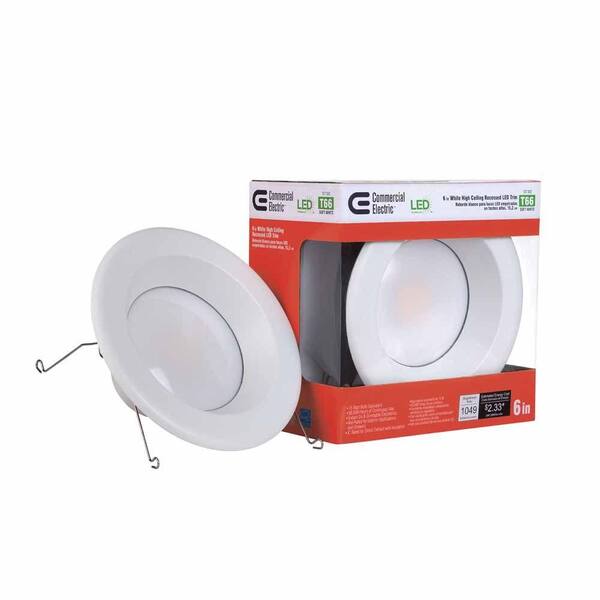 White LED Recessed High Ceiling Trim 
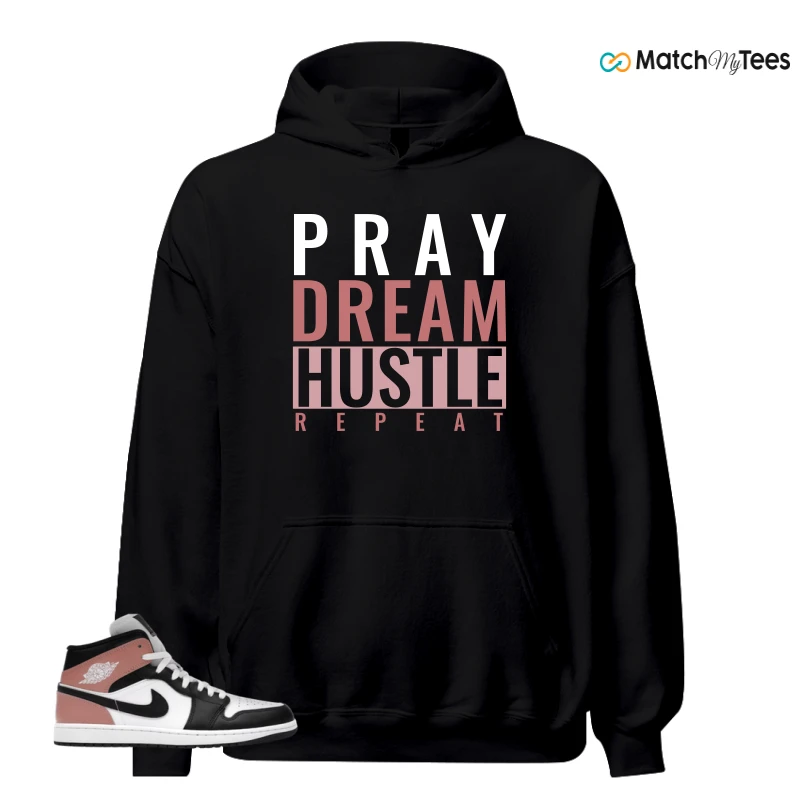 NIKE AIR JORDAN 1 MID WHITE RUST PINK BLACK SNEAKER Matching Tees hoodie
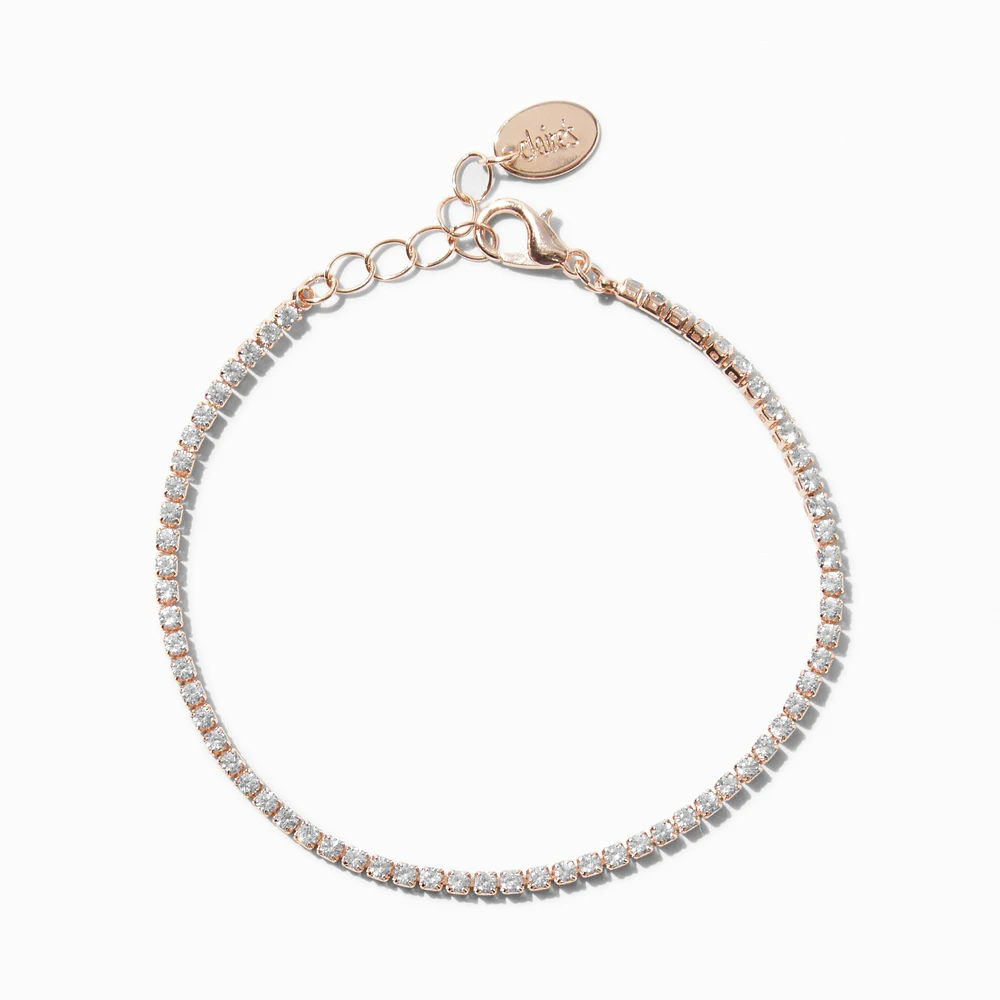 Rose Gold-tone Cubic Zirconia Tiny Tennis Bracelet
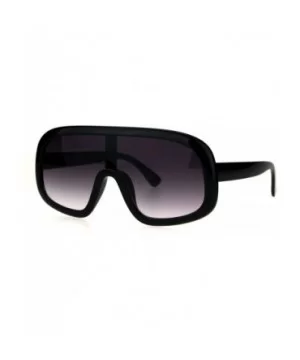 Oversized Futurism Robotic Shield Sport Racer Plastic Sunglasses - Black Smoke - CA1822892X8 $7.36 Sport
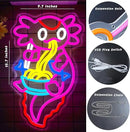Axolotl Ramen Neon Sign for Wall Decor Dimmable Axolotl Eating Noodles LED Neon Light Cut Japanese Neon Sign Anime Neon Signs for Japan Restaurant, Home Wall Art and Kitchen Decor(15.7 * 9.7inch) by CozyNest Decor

Exercise description ▸
Reproduce, word for word, every line from the one that contains "Rose Gold-tone Cubic" to the end of the data, including both ends; omit all pictures.

Exercise answer ▸
 Rose Gold-tone Cubic Zirconia Tiny Tennis Bracelet
 Oversized Futurism Robotic Shield Sport Racer Plastic Sunglasses - Black Smoke - CA1822892X8 $7.36 Sport
Axolotl Ramen Neon Sign for Wall Decor Dimmable Axolotl Eating Noodles LED Neon Light Cut Japanese Neon Sign Anime Neon Signs for Japan Restaurant, Home Wall Art and Kitchen Decor(15.7 * 9.7inch) by CozyNest Decor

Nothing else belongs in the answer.